According to nexus guidance (1) recently posted on the Office of Tax and Revenue's web page, for a business to have franchise tax nexus, it must be engaged in a business activity (that is not "protected" by Public Law (P.L.) 86-272) within the District or have physical presence there.

* Florida

The state Department of Revenue (DOR) ruled (2) that a limited liability company (LLC) that checked-the-box to be taxed as a corporation has nexus for Florida corporate income tax purposes solely through the use of an independent contractor who provides maintenance services to in-state customers.

* Georgia

Effective for years after 2001, the Georgia DOR amended Regulation 560-7-7-.03 to provide that a corporation is considered to own property or do business in Georgia whenever it is a limited or general partner in a partnership that owns property or does business in the state.

* Illinois

The DOR amended nexus Regulation 86 Ill. Adm. Code 100.9720 to clarify that a nonresident person does not have nexus with the state merely because the apportionment and allocation rules would cause that person to have Illinois net income.

* Massachusetts

In Alcoa Building Products, Inc., (3) the Appellate Tax Board ruled that P.L. 86-272 protections do not apply to warranty-claims activities performed by in-state sales representatives if such activities serve an independent business function apart from the solicitation of sales.

* New Jersey

Sweeping corporate tax reform in the Business Tax Reform Act of 2002, A2501, P.L. 2002, c. 40 (7/02/02) (NJBTA), included expanding the reach of the corporate business tax to corporations deriving receipts from sources within New Jersey or engaging in contacts with the state.

* New York

A New York State administrative law judge (ALJ) ruled (4) that a natural gas vendor transferring title to natural gas in the state at the same time that custody of the gas was transferred from a Canadian pipeline to a New York pipeline was not carrying on its business in the state and, thus, was not subject to the Section 186 gross receipts franchise tax. The ALJ noted that the taxpayer's "very brief ownership of the gas and transfer of title in New York was not sufficient to establish even a `slightest presence' in New York."
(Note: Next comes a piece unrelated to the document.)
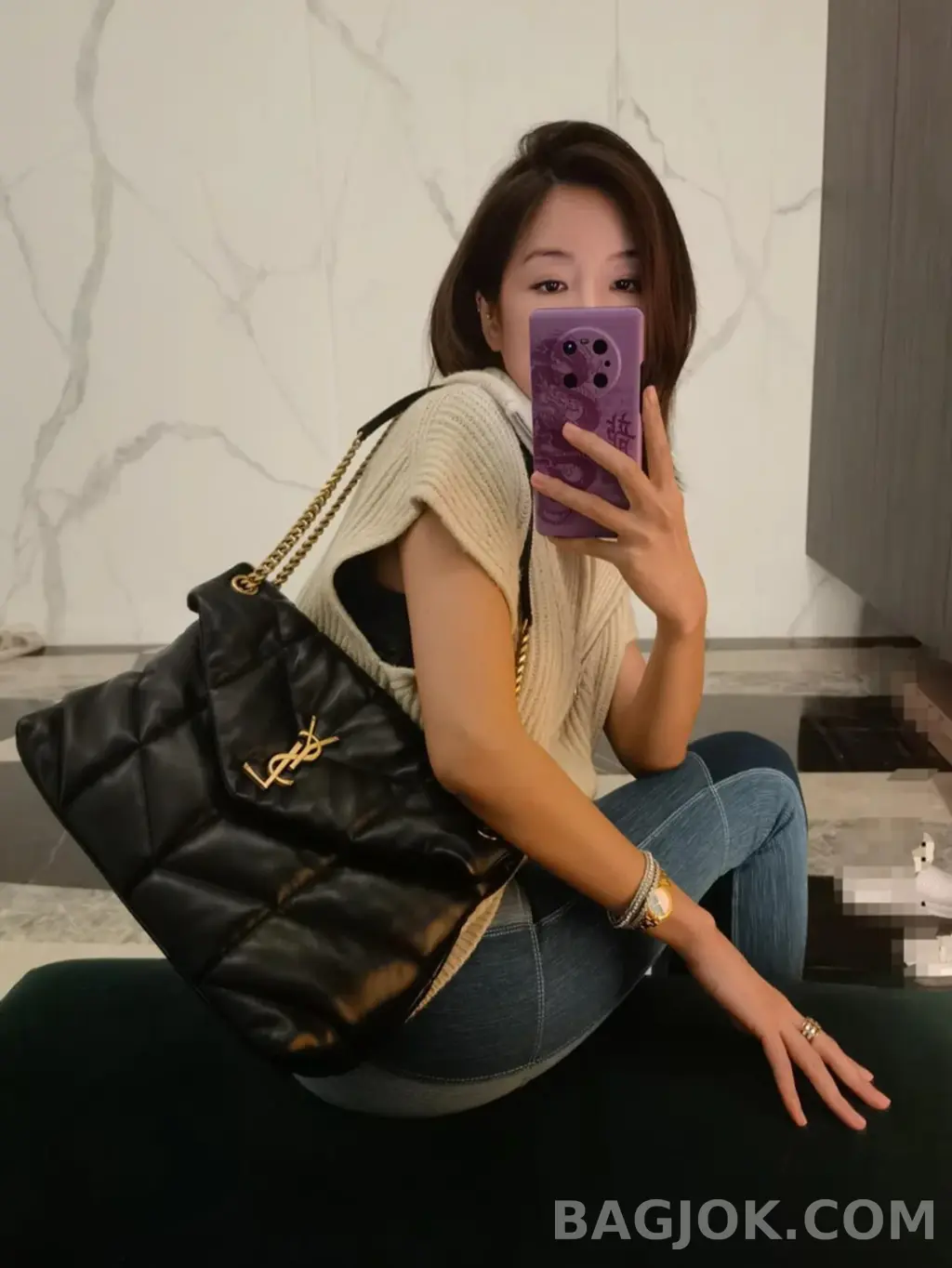 생로랑 Saint Laurent 루루 푸퍼백 미디움 상세 이미지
In another situation, a company sent individuals into the state to solicit subscriptions to a free publication of general interest to members of certain organizations; on receiving such orders, the company would canvass local businesses for paid advertisements to be placed within the publication. The N.Y.S. Department of Taxation and Finance ruled (5) that P.L. 86-272 would not protect the company from New York nexus, as there was no solicitation of sales of tangible personal property. The publication was free to subscribers and P.L. 86-272 does not protect the solicitation of advertising sales, because the Department does not view the sales as tangible personal property. Thus, the company was subject to state franchise tax.

* North Carolina

The DOR announced (6) a change in position on when an investment partnership is doing business in the state. Under the new policy, a partnership engaged solely in investment activities is not considered to be doing business in North Carolina.

* Pennsylvania

Act 89 (HB 1848) expanded nexus to include a corporation (whether in its own name of through any person, association, business trust, corporation, joint venture, LLC, limited partnership, partnership or other entity) engaged in any of the following within Pennsylvania: (1) doing business; (2) carrying on activities including solicitation; (3) employing or using capital; and (4) owning property. The legislation also "clarified" that, for nexus purposes, a corporation's interest in a noncorporate entity is considered a direct ownership interest in the assets, rather than an intangible interest.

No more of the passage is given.